It's part of the way the CRUSH hashing works. Any change to the CRUSH map causes the algorithm to change slightly.
BTW, it's safer to remove OSDs and hosts by first marking the OSDs UP and OUT (ceph osd out OSDID). That will trigger the remapping, while keeping the OSDs in the pool so you have all of your replicas. Your PGs will still be degraded (there are plans to differentiation the "not enough copies" degraded from the "data not in the correct place" degraded), but you'll always have num_replica copies.
If you mark the OSDs OUT, wait for the remapping to finish, and remove the OSDs and host from the CRUSH map, there will still be some data migration.
Ceph is also really good at handling multiple changes in a row.

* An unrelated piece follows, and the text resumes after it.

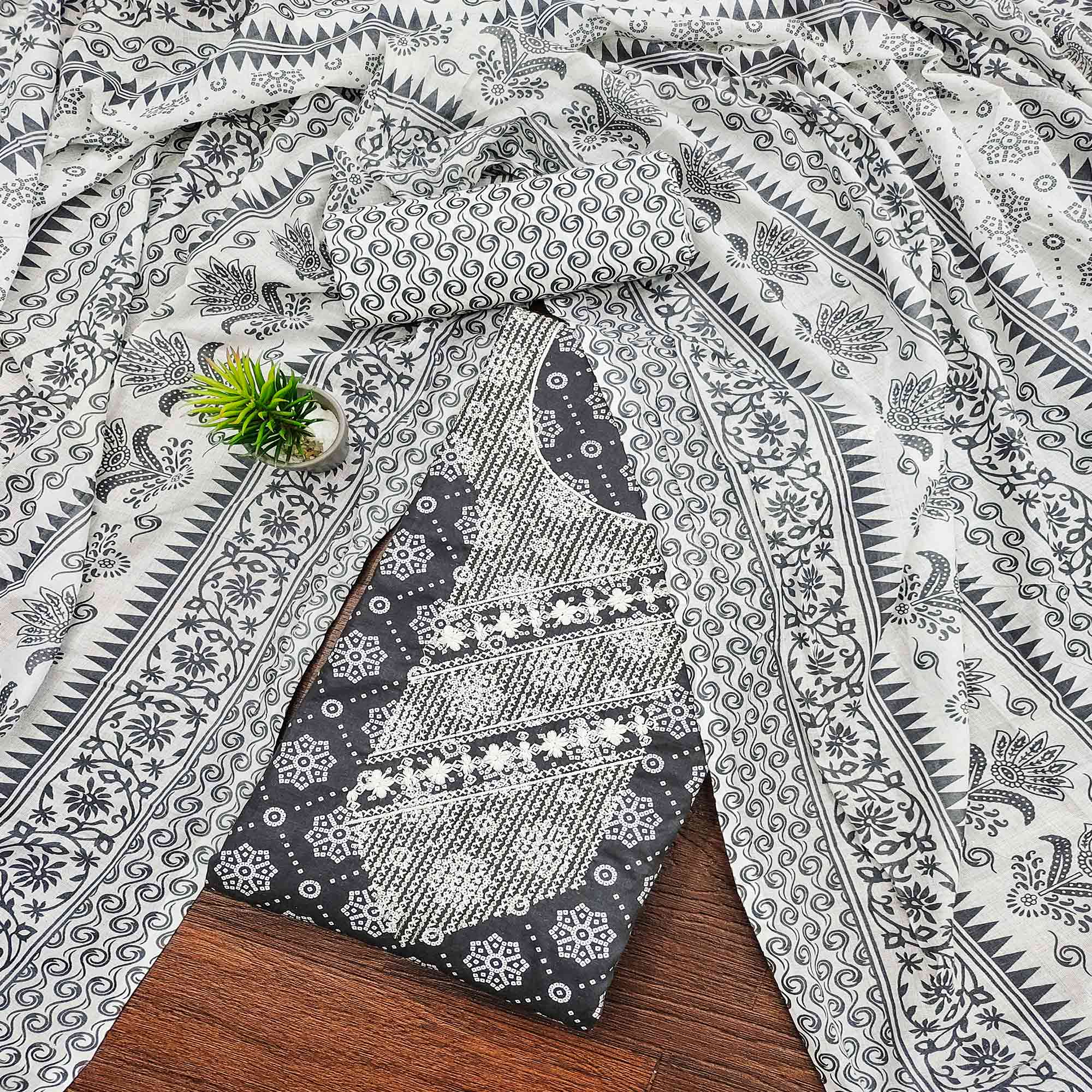 Peachmode Grey Printed With Embroidered Pure Cotton Dress Material
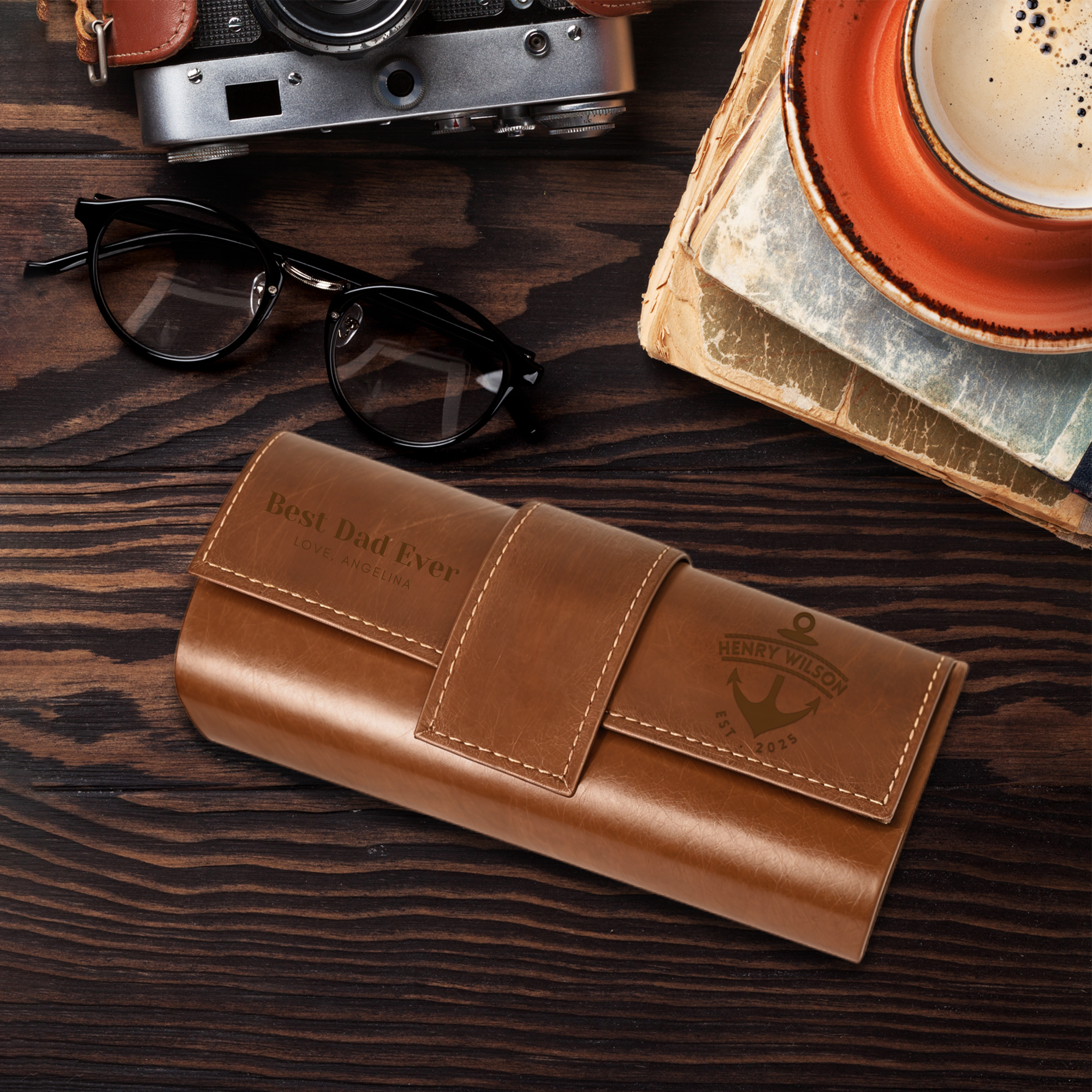 Personalised Unisex Leatherette Sunglasses Case, Custom Engraved Logo Eyeware/ Eyeglasses Box, Groomsman, Mother, Father Birthday, Xmas Gift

For example, I had to reformat all of my OSDs because I chose my mkfs.xfs parameters poorly. I removed the OSDS, without draining them first, which caused a lot of remapping. I then quickly formatted the OSDs, and put them back in. The CRUSH map went back to what it started with, and the only remapping required was to re-populate the newly formatted OSDs.
On Wed, Oct 15, 2014 at 9:06 AM, Chad Seys <cwseys@xxxxxxxxxxxxxxxx> wrote:
Hi all,
When I remove all OSDs on a given host, then wait for all objects (PGs?) to
be to be active+clean, then remove the host (ceph osd crush remove hostname),
that causes the objects to shuffle around the cluster again.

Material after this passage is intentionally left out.